Only one span is wanted from the lines below: from the one with "The trade-off is" up to and including the one with "Hello, everyone. Today". Copy it exactly, without images.

# Source information
• • • • • • •

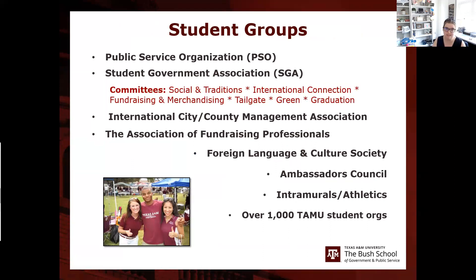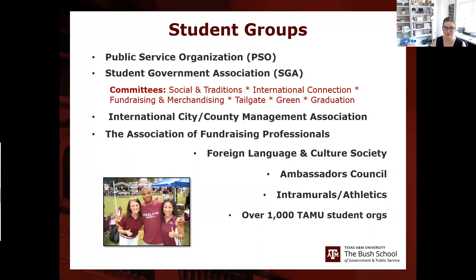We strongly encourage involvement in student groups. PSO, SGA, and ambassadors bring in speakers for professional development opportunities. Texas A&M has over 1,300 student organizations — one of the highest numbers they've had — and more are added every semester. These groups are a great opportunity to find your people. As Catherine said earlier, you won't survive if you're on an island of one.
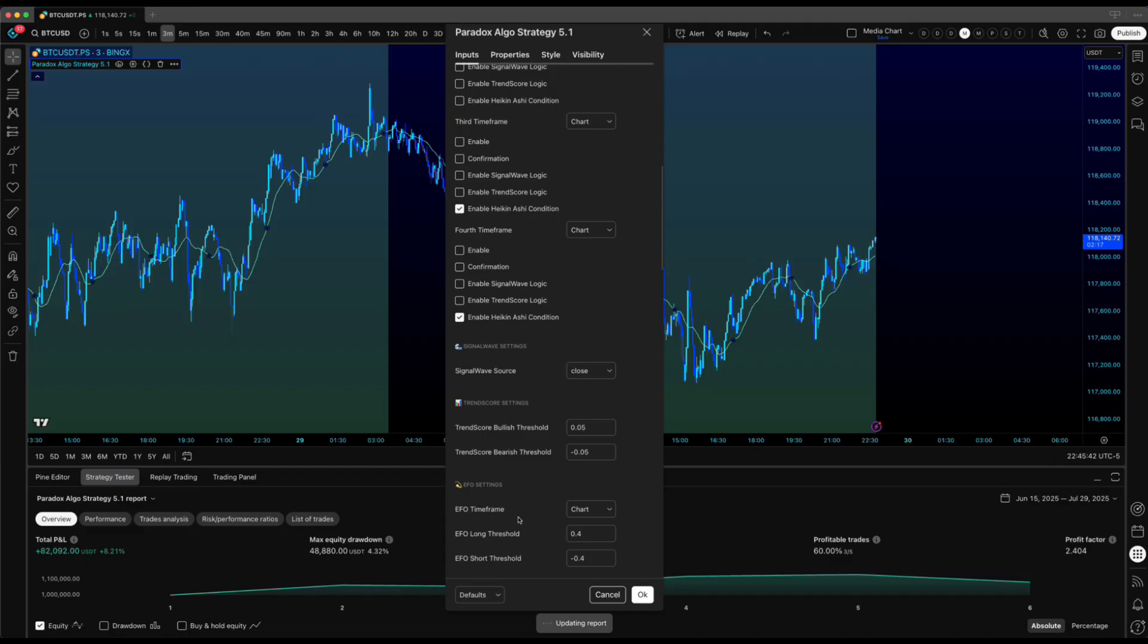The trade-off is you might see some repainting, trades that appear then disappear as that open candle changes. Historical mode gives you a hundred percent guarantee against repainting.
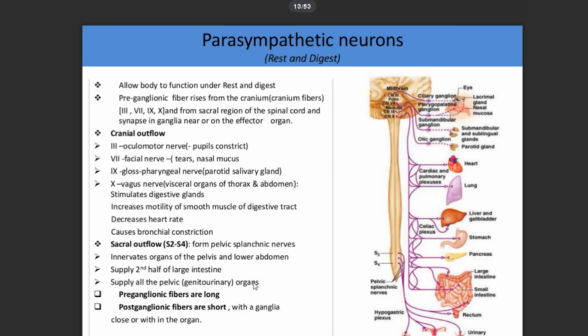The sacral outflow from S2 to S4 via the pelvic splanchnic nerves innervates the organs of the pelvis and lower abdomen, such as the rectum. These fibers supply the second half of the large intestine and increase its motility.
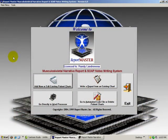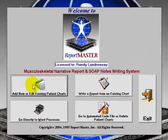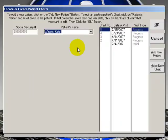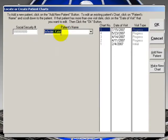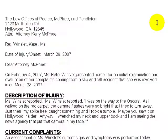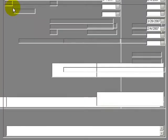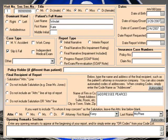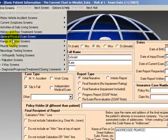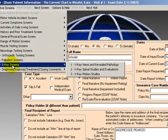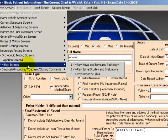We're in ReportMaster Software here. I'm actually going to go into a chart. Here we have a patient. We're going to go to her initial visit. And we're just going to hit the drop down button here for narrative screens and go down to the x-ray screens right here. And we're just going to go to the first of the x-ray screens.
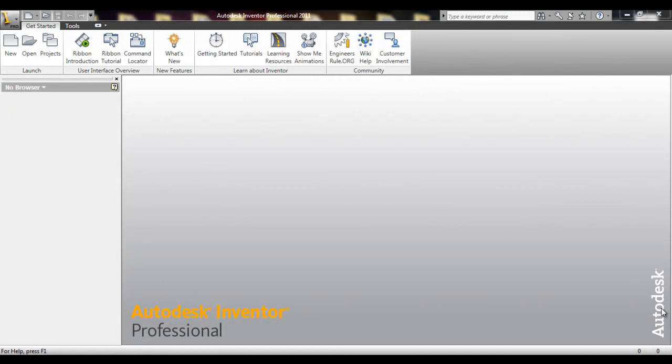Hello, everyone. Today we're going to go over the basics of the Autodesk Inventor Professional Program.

• • • • • • •

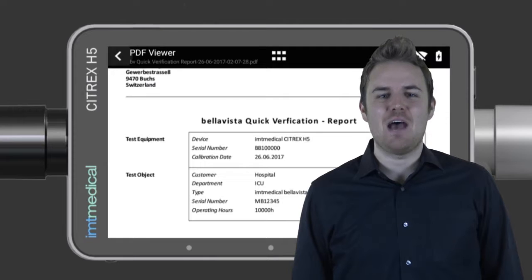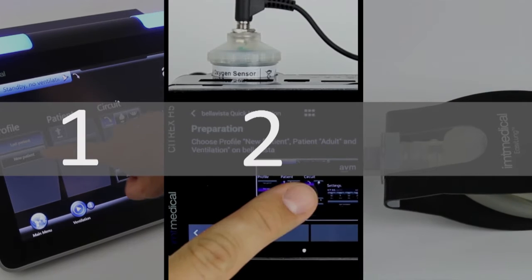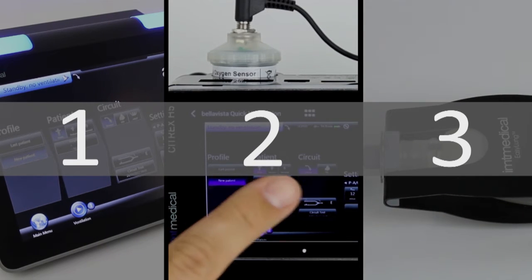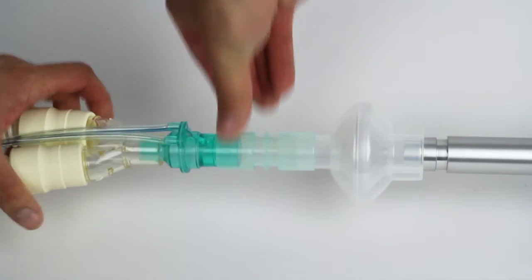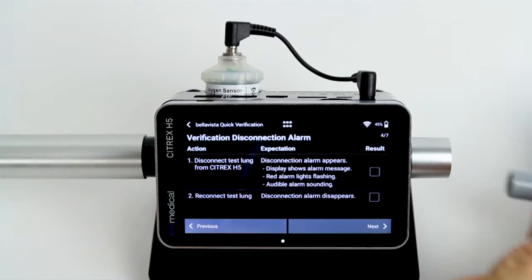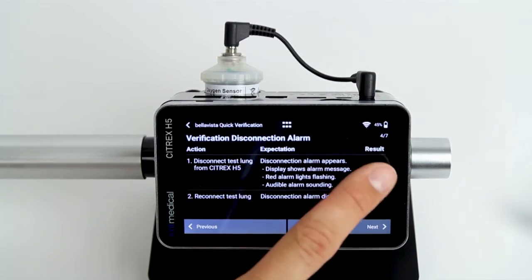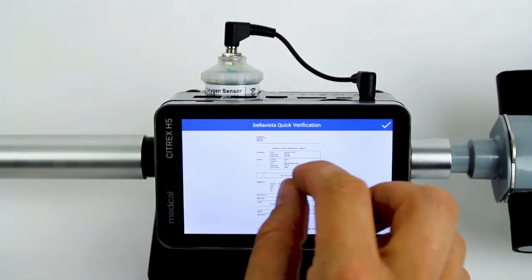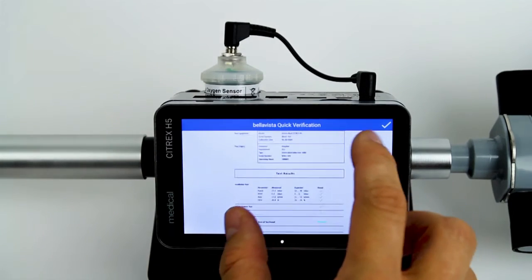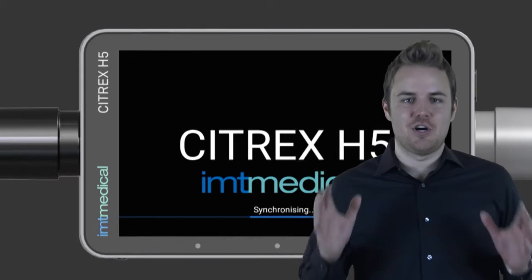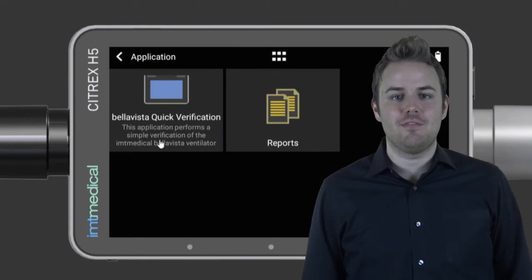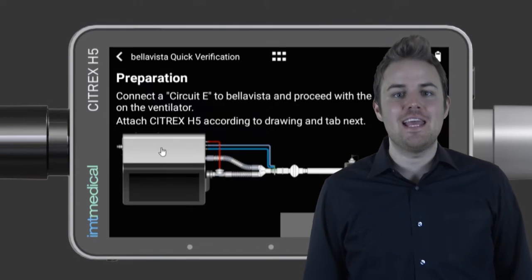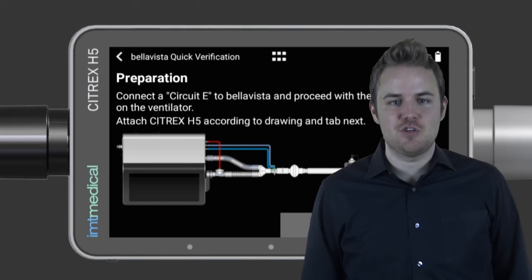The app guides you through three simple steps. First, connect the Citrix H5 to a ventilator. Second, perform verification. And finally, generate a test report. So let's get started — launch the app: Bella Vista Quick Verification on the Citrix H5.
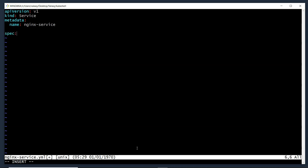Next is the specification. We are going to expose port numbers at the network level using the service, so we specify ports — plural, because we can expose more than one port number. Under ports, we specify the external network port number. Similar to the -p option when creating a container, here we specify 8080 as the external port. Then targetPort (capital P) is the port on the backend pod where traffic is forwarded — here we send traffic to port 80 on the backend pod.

• • • • • • •

# Solution to this exercise
The trade-off is you might see some repainting, trades that appear then disappear as that open candle changes. Historical mode gives you a hundred percent guarantee against repainting.
The sacral outflow from S2 to S4 via the pelvic splanchnic nerves innervates the organs of the pelvis and lower abdomen, such as the rectum. These fibers supply the second half of the large intestine and increase its motility.
We're in ReportMaster Software here. I'm actually going to go into a chart. Here we have a patient. We're going to go to her initial visit. And we're just going to hit the drop down button here for narrative screens and go down to the x-ray screens right here. And we're just going to go to the first of the x-ray screens.
Hello, everyone. Today we're going to go over the basics of the Autodesk Inventor Professional Program.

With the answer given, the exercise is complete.